Can the desired performance realistically be achieved?
Are employees aware of what behaviors they need to change?
Do any obvious performance barriers exist?
The checklist helped me discover what was holding back sales conversion rates after spending less than an hour with frontline employees.
Question 1: The performance gap was two percentage points
Question 2: The desired performance was sometimes achieved, just not consistently
Question 3: Employees were aware they were sometimes unfriendly and unhelpful
Question 4: The employees quickly pointed out an obvious performance barrier
The team had a flat schedule, meaning staffing levels remained the same throughout each day. But that's not how their call volume came in. A lot more calls came in on a Monday morning than they received on a Wednesday afternoon.
The result was long hold times during peak periods. And when the reps knew a lot of people were waiting on hold, they became fearful of angering those customers. So they sped up the calls, which made them come across as abrupt and prevented them from closing more sales.
My client changed the schedule to better meet customer demand. They did have to hire one person, but it was well worth it. After 30 days, the team's sales conversion jumped from 33 percent to 45 percent!
This is not an unusual situation. Here are more examples of quick fixes I helped customer service leaders discover by spending just 1-4 hours using this tool:
A contact center reduced outsourced calls by 50 percent in just one week.

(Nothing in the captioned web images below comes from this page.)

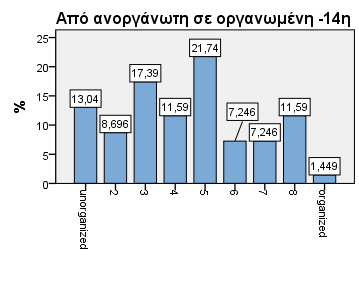 Διάγραμμα 5.43. Από κακή σε καλή Διάγραμμα 5.44.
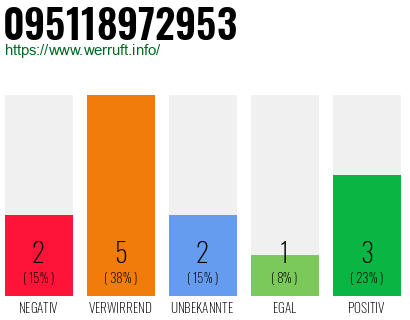 Rufnummer 095118972953 Telefonnummer 095118972953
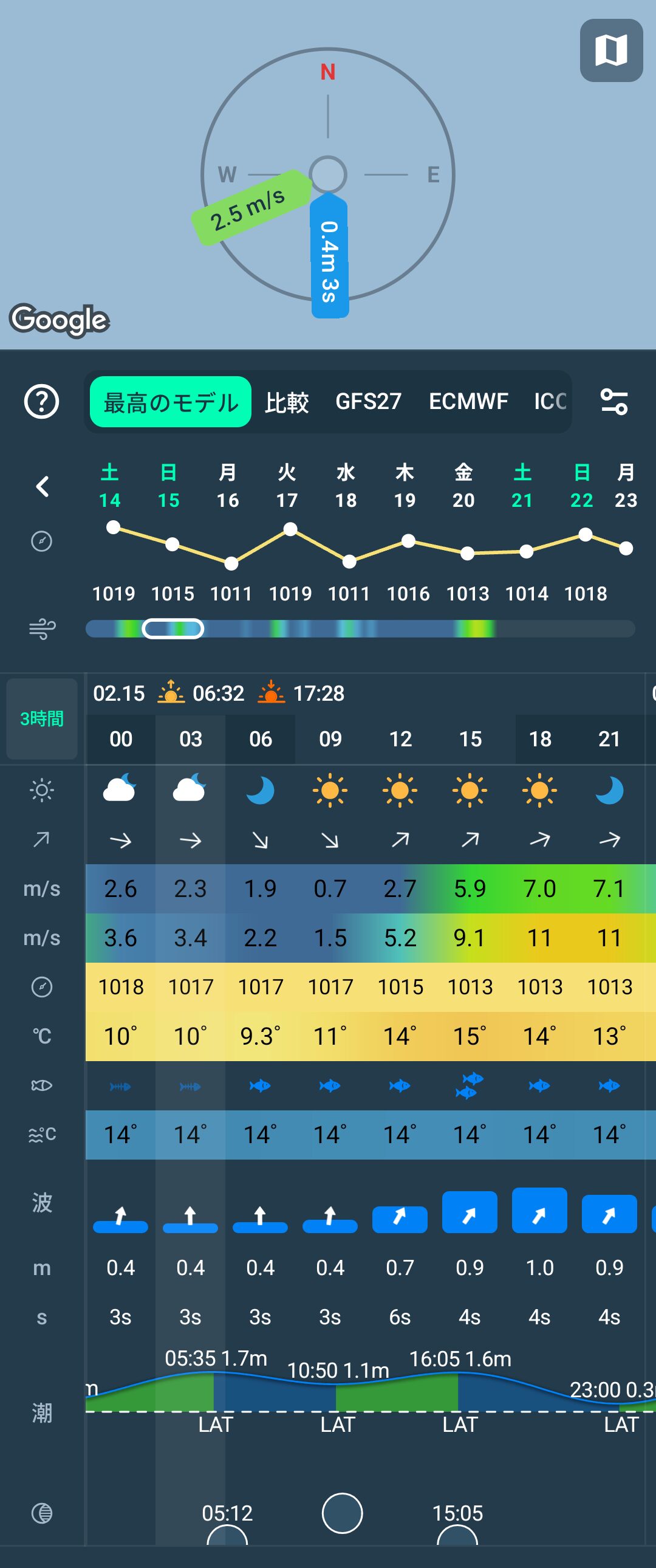 2026年2月15日 ウィンディの予報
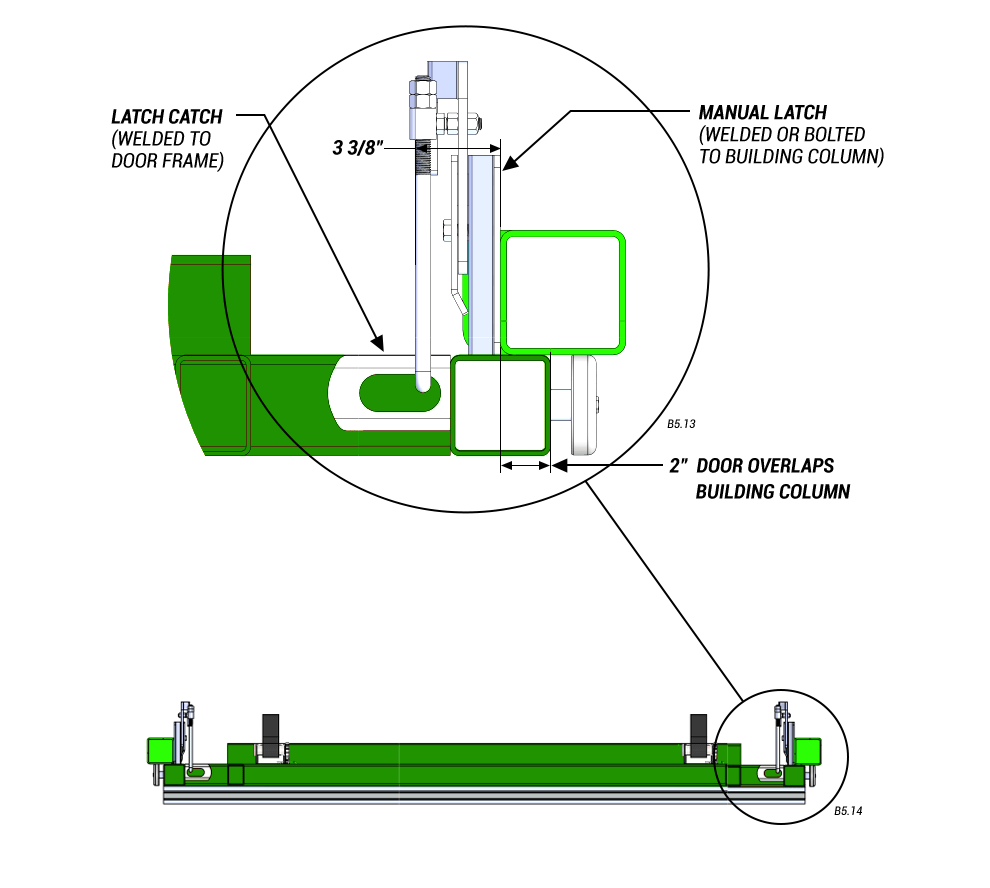 detailed view of horizontal top drive with manual latches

Survey responses increased by 600 percent in one month.
Mystery shopping scores improved at a hotel from 78 to 94 percent in one month.
Quick Fix Resources
There's a quote that's widely attributed to Abraham Lincoln. Research shows he probably didn't say it, but it's still an inspiring quote:
If I had five minutes to chop down a tree, I'd spend the first three sharpening the axe.
Solving customer service problems should be approached the same way. Spend a little time up front analyzing and understanding the issue, and you'll likely find some very quick fixes.